Ces garanties dont doit bénéficier le détenu sont notamment le droit de connaître les raisons de son arrestation et le droit de faire connaître à sa famille le lieu de sa détention. Les détenus doivent également pouvoir se faire assister d'un avocat et rapidement contester la légalité de leur détention. De même, ils ne doivent pas être détenus dans un lieu secret.
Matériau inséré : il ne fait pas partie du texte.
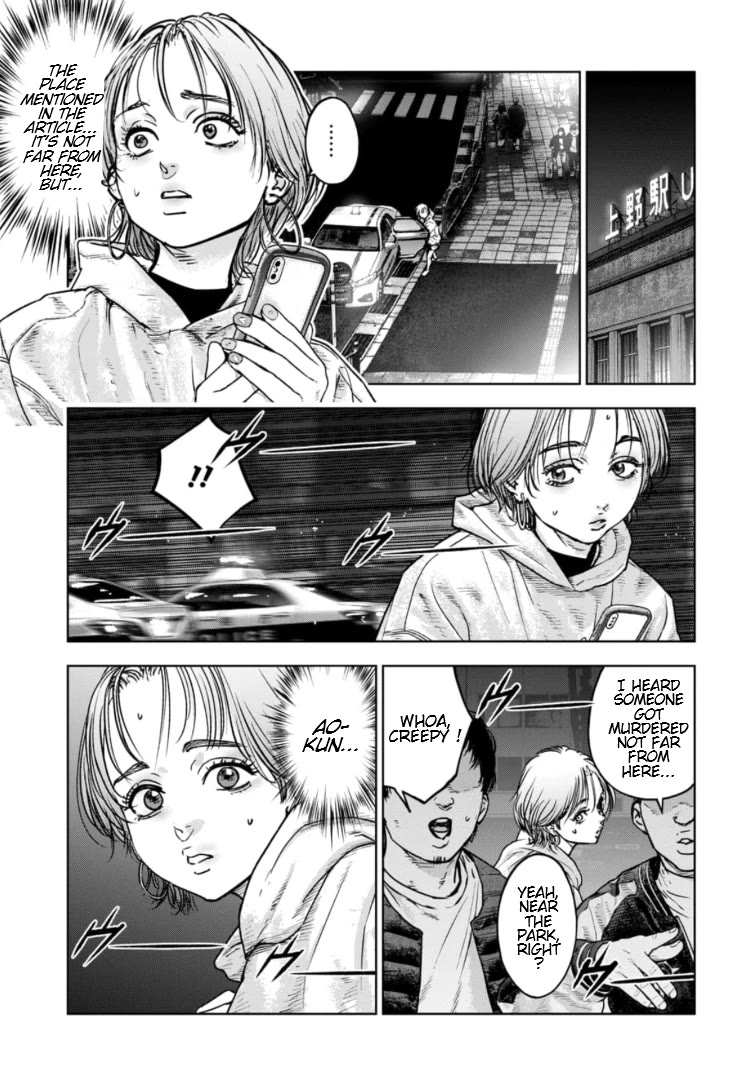 Massacre Happy End - The Blue Chapter Chapter 22 page 4 - Chapter 22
Cette atteinte grave aux droits humains peut conduire des personnes à languir en prison pendant des années sans avoir été jugées, sans connaître les preuves retenues contre elles et sans disposer d’aucun moyen pour contester leur détention.
Dans les cas de disparition forcée, la situation des personnes concernées est totalement inconnue, et leurs proches ne savent même pas si elles sont mortes ou vivantes. Les personnes disparues ne sont plus protégées par la loi et risquent d'autres graves violations des droits humains.
Avec les détentions illégales, les personnes courent un risque accru de torture et d’autres mauvais traitements. La torture et les autres peines ou traitements cruels, inhumains ou dégradants ne sont tolérables en aucun cas et sont absolument interdits par le droit international.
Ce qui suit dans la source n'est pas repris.